-- Records shown --
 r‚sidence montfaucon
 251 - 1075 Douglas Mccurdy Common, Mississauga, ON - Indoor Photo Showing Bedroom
--
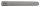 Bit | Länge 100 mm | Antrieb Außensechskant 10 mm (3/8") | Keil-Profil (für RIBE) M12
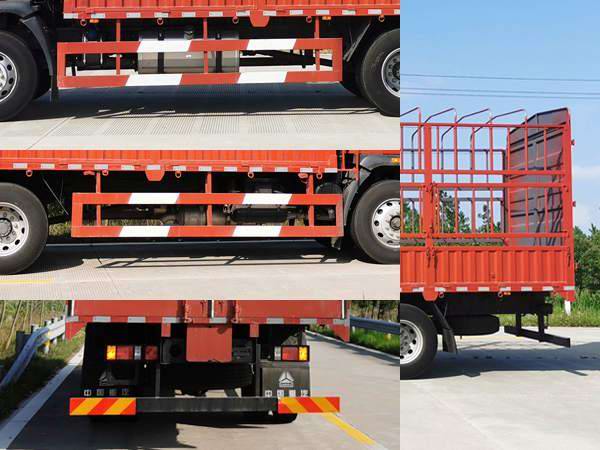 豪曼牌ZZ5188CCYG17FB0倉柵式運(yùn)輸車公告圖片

-- Exercise instructions --
Give back exactly the lines above from the one with "Bit | Länge" through the one with "豪曼牌ZZ5188CCYG17FB0倉柵式運(yùn)輸車公告圖片", both included. Pictures don't belong in the copy.

-- Exercise answer --
 Bit | Länge 100 mm | Antrieb Außensechskant 10 mm (3/8") | Keil-Profil (für RIBE) M12
 豪曼牌ZZ5188CCYG17FB0倉柵式運(yùn)輸車公告圖片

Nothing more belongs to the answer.